In its final meeting of the year, the New Hampshire House’s agenda ran the gamut. It included sweeping bills dealing with victims’ rights, telehealth, election law, environmental pollution, and the ten-year highway plan, among others.
Some issues were voted on as standalone bills, many were packaged as omnibus measures. Due to missed deadlines and partisan fights over rules, Democratic leadership in the House were limited to voting on Senate-backed proposals as is. Some votes were bipartisan, but many others fell along party lines.
The House backed a sweeping criminal justice bill that would, among other things, ban police from using chokeholds. The bill would also bar the state from placing prisoners in for-profit prisons, require all police recruits to undergo psychological evaluations, and modify the state’s bail policies.

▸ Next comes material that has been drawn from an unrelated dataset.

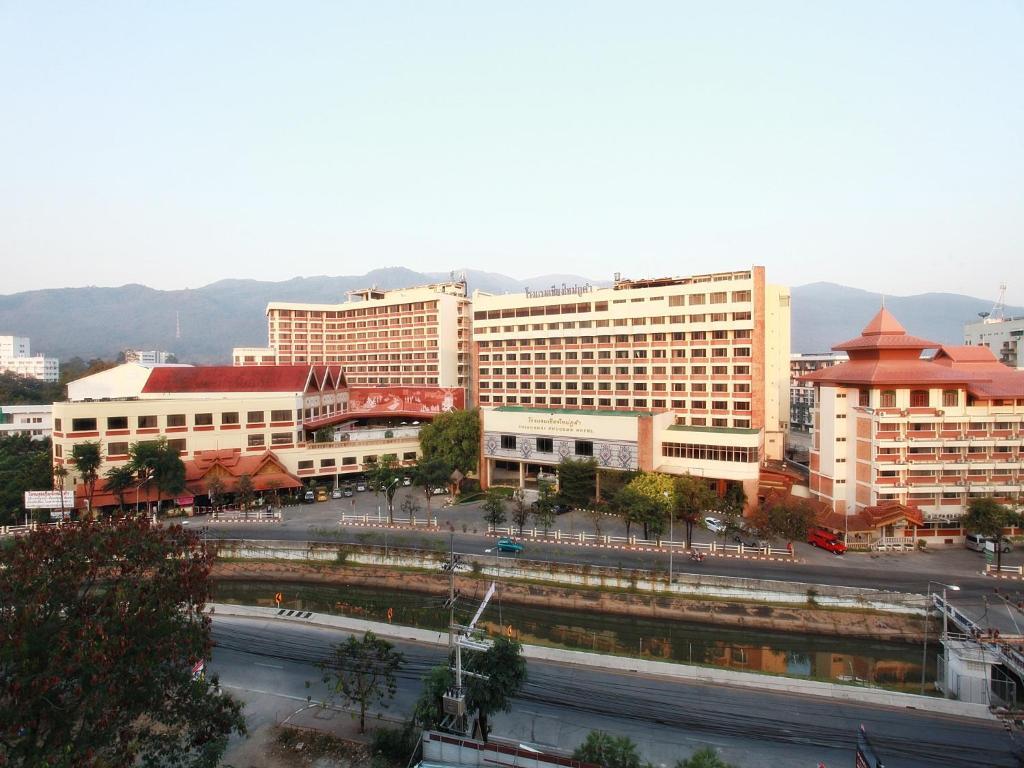 Chiang Mai Phucome Hotel Exteriér fotografie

Hampton Democrat Rep. Renny Cushing told colleagues that, especially given the current attention to police behavior, New Hampshire needs to act.
“At this particular moment in time, when we are conscious of what the powers and duties are and what the responsibilities of law enforcement are, it’s an important message that New Hampshire makes, when we prohibit the use of chokeholds,” Cushing said.
Gov. Chris Sununu has said he favors banning chokeholds, and he urged lawmakers to send him a bill that would do so.
But Sununu is expected to veto many other bills passed in the waning days of this year’s session, including ones to raise the minimum wage and create an independent redistricting commission.
The New Hampshire House also voted Tuesday to send Sununu several bills to enhance the rights of victims of sexual assault. Among the proposals is one that would outlaw sexual contact between teachers and students, regardless of a student's age. It was inspired by the case of former Concord High School teacher Howie Leung, who is charged with sexually assaulting a student in Massachusetts.
The bill also creates a special marriage officiant licenses. Proceeds from the licenses would flow into the state’s domestic violence fund.